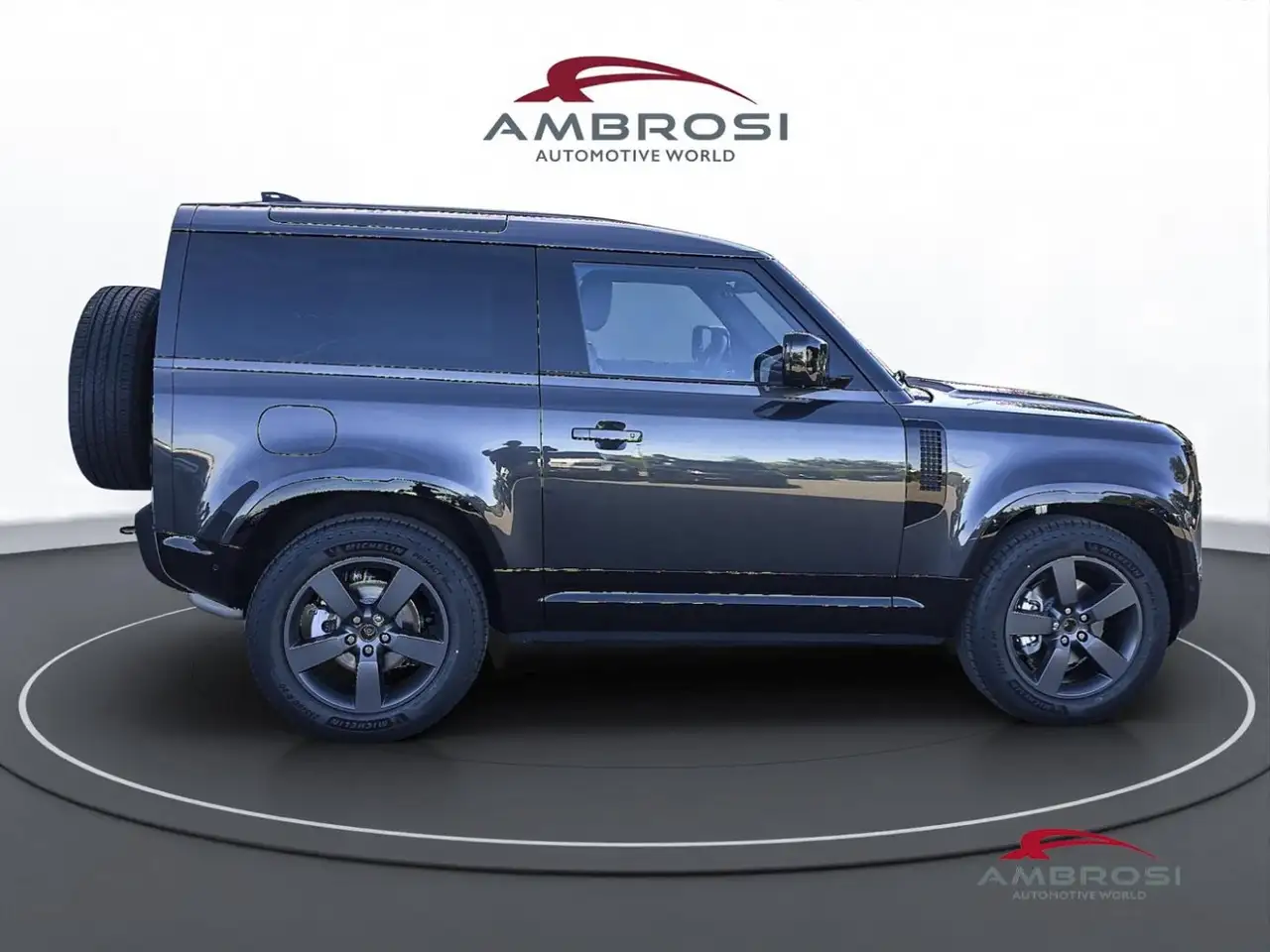 Land Rover Defender 2026
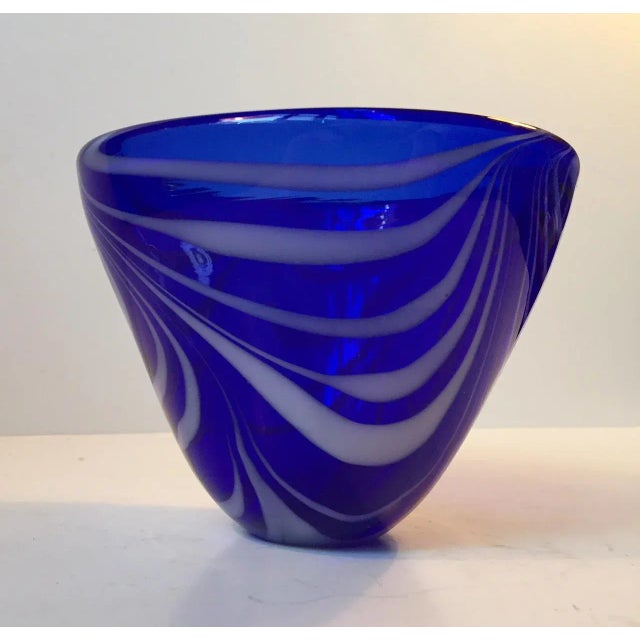 Modernist Blue Spiral Bowl by Torben Jørgensen for Holmegaard, 1980s For Sale - Image 3 of 7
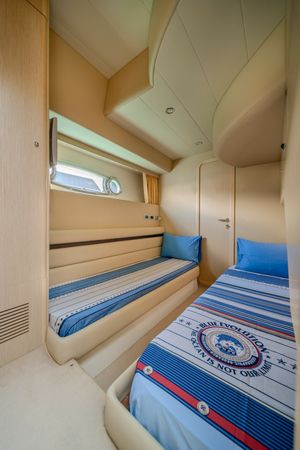 Ferretti 550 | Carte Blanche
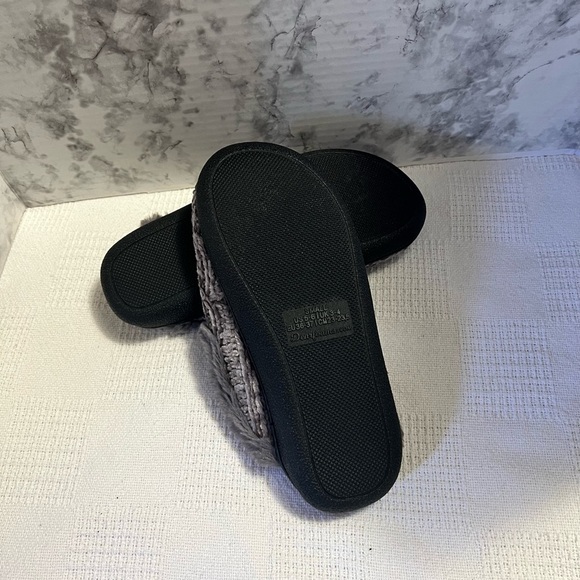 Dearfoams slippers - Picture 4 of 4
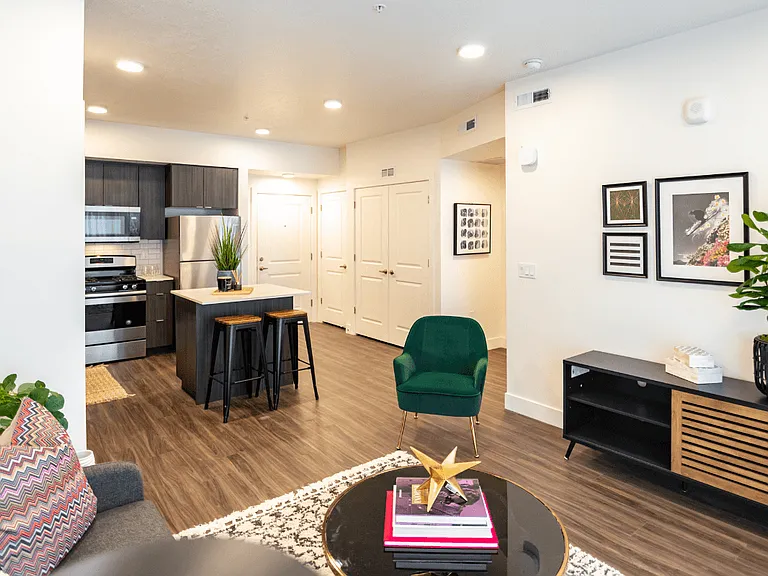 Onyx Apartments — Photo 9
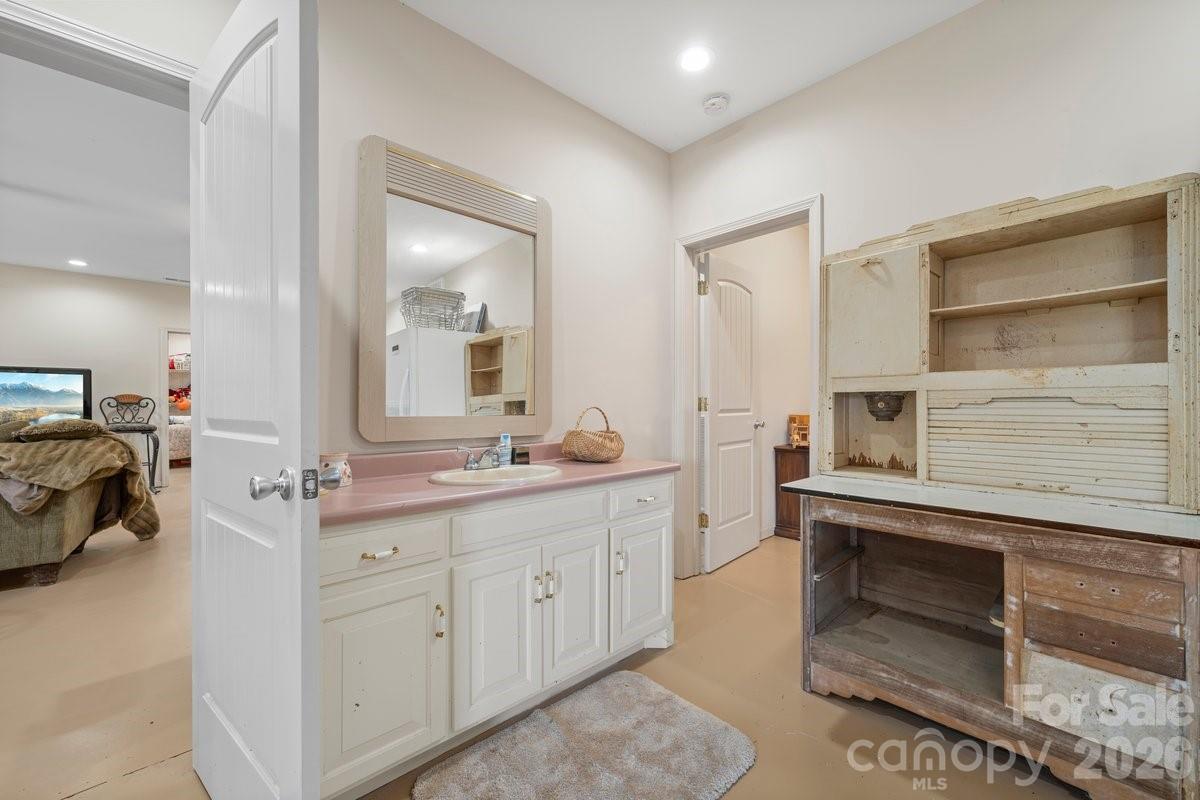 492 State Rd S-11-586 Gaffney, SC 29340 - Photo 34 of 45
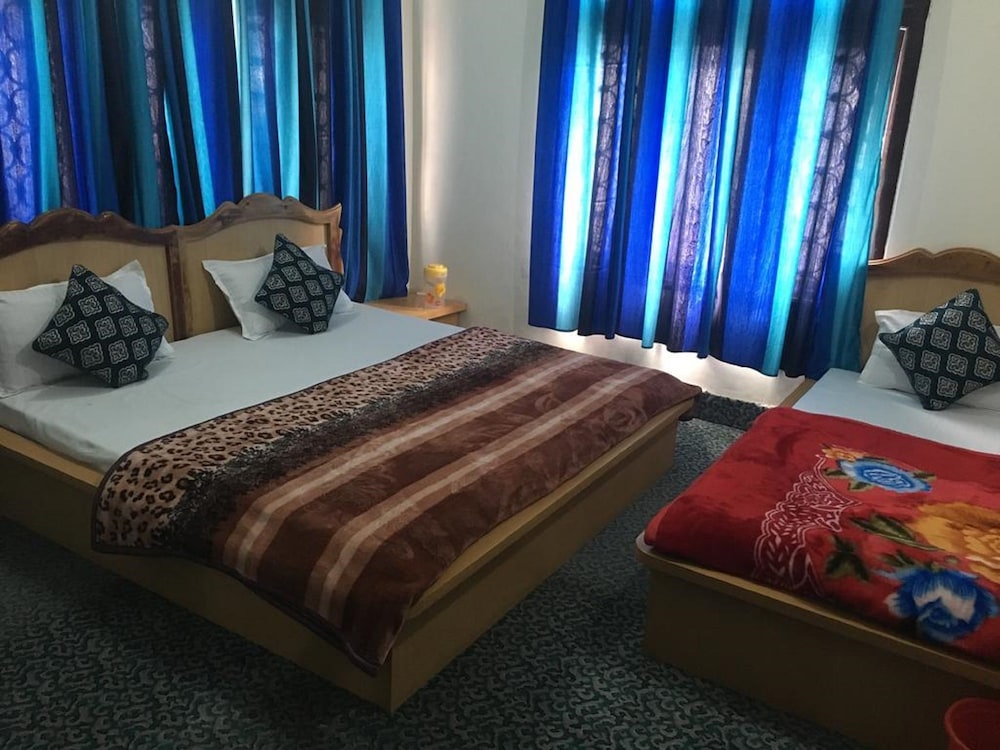 Triple Room, Multiple Beds, Non Smoking photo 1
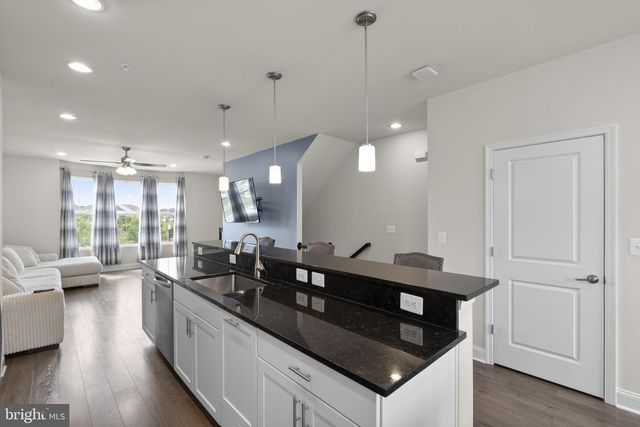 11279 ST LUKE DR, White Plains, MD 20695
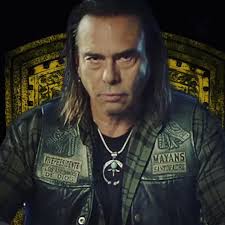 Raoul Max Trujillo as Che Taza Romero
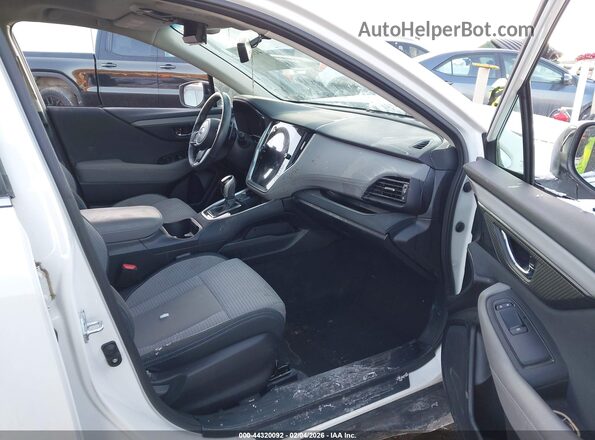 4S4BTAFC2N3236044 2022 SUBARU OUTBACK White Вид салону спереду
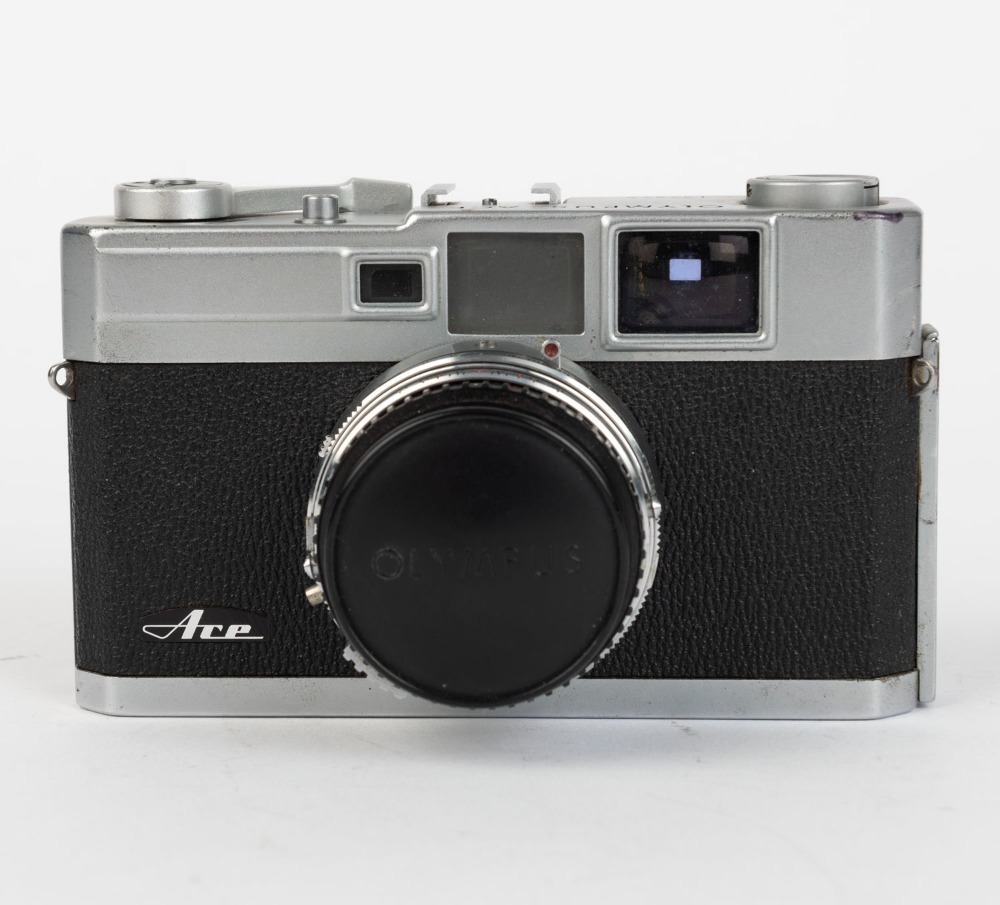 OLYMPUS Circa 1958 OlympusAce rangefinder camera with E. ZuikoW 35mm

• INSTRUCTIONS FOR THE TASK:
What you give back must match the entries exactly, apart from the omitted pictures.

• SOLUTION:
 Land Rover Defender 2026
 Modernist Blue Spiral Bowl by Torben Jørgensen for Holmegaard, 1980s For Sale - Image 3 of 7
 Ferretti 550 | Carte Blanche
 Dearfoams slippers - Picture 4 of 4
 Onyx Apartments — Photo 9
 492 State Rd S-11-586 Gaffney, SC 29340 - Photo 34 of 45
 Triple Room, Multiple Beds, Non Smoking photo 1
 11279 ST LUKE DR, White Plains, MD 20695
 Raoul Max Trujillo as Che Taza Romero
 4S4BTAFC2N3236044 2022 SUBARU OUTBACK White Вид салону спереду
 OLYMPUS Circa 1958 OlympusAce rangefinder camera with E. ZuikoW 35mm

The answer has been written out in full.